### Task to complete
In the records below, reproduce exactly the lines from the one containing "2020 Jeep Wrangler Unlimited Sahara" through the one containing "Room, Quadruple, Double", both included, and omit the pictures.

### Available records

□ □ □ □ □

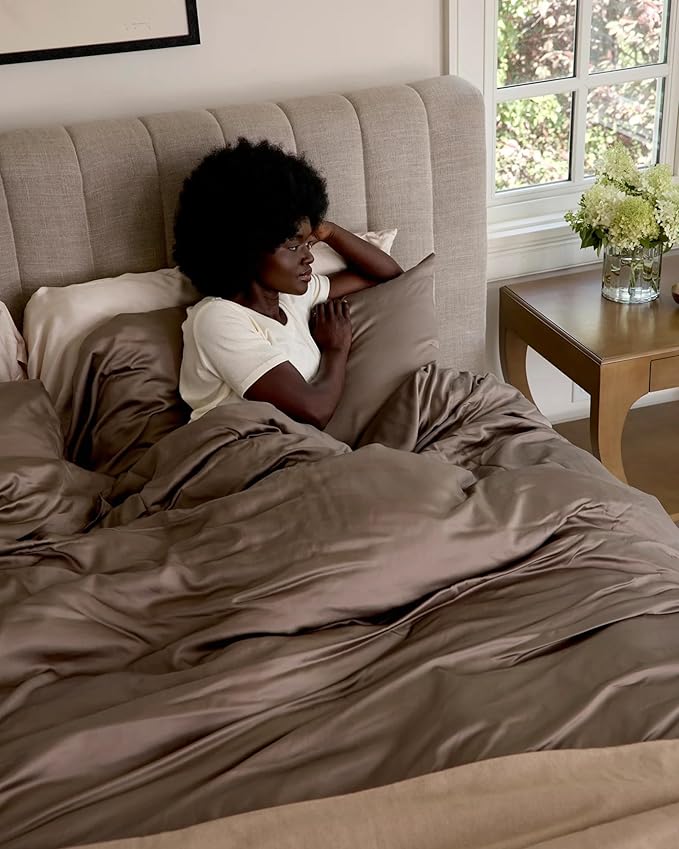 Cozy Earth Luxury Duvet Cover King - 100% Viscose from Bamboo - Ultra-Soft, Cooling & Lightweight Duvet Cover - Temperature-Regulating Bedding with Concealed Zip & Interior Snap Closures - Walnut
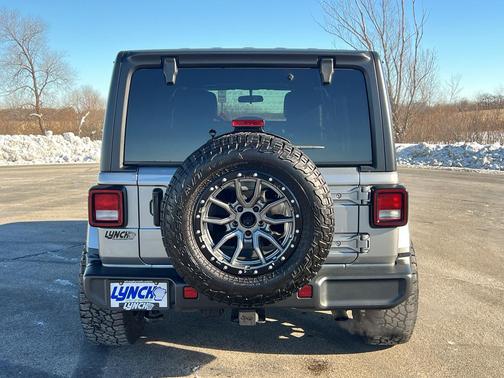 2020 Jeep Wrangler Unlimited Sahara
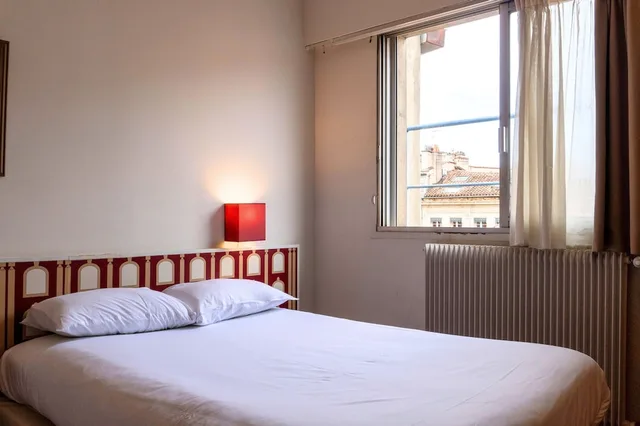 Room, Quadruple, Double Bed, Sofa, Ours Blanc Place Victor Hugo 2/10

□ □ □ □ □

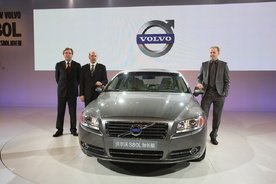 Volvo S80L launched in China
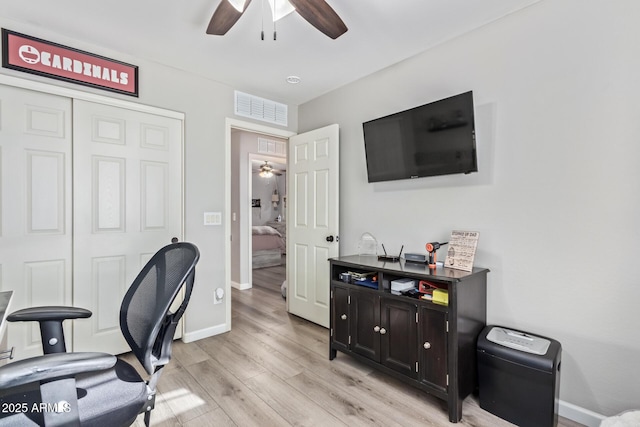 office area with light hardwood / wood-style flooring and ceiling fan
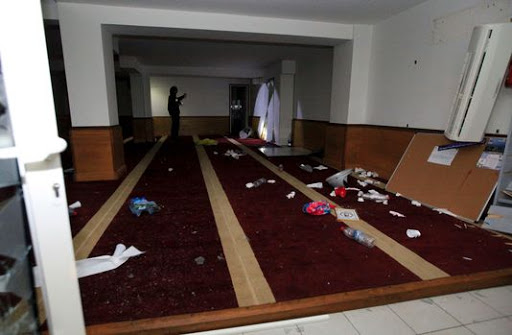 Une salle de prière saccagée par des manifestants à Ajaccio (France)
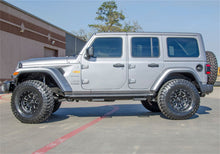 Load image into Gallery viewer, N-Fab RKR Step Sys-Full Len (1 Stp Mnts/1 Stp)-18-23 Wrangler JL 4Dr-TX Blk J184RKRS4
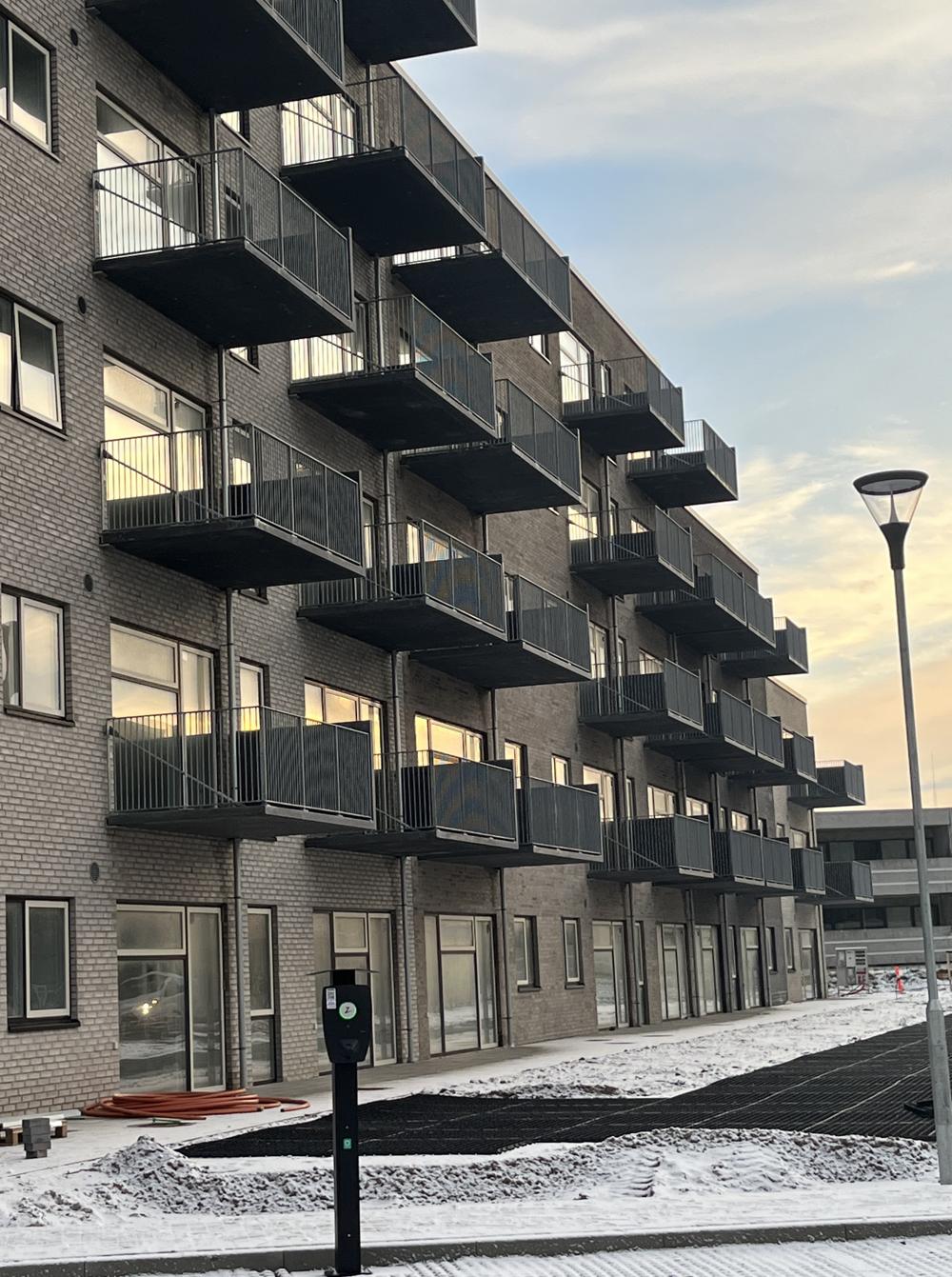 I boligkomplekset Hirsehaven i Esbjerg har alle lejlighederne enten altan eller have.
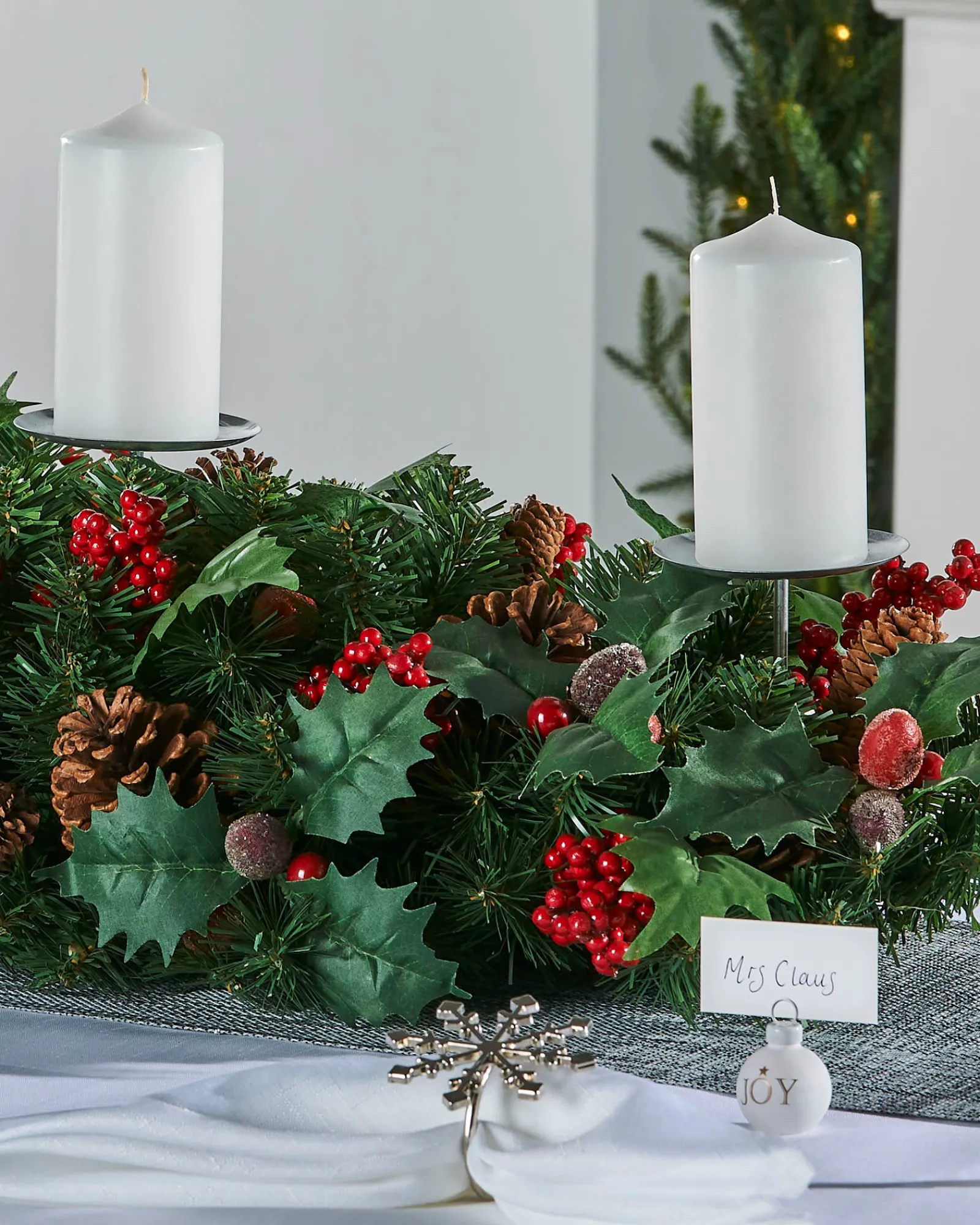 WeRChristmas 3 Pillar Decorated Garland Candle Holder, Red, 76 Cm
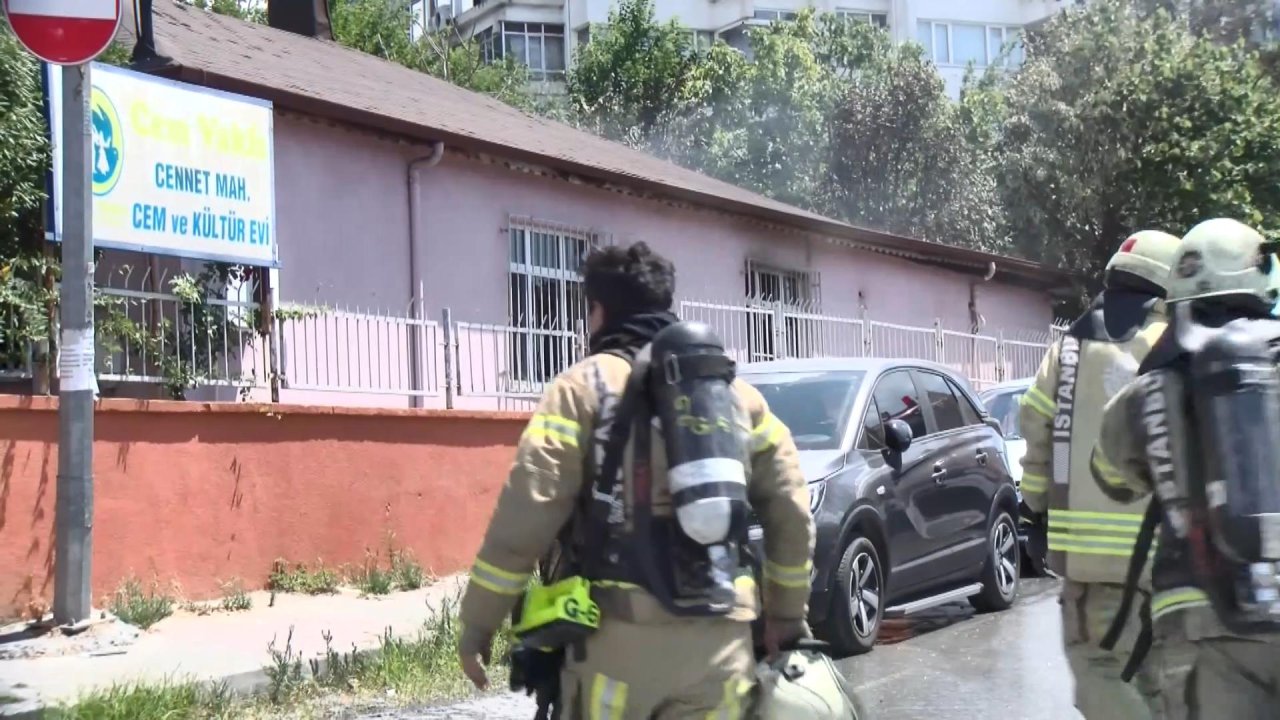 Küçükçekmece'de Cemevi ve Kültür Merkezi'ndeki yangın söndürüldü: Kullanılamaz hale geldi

□ □ □ □ □

### Reply
 2020 Jeep Wrangler Unlimited Sahara
 Room, Quadruple, Double Bed, Sofa, Ours Blanc Place Victor Hugo 2/10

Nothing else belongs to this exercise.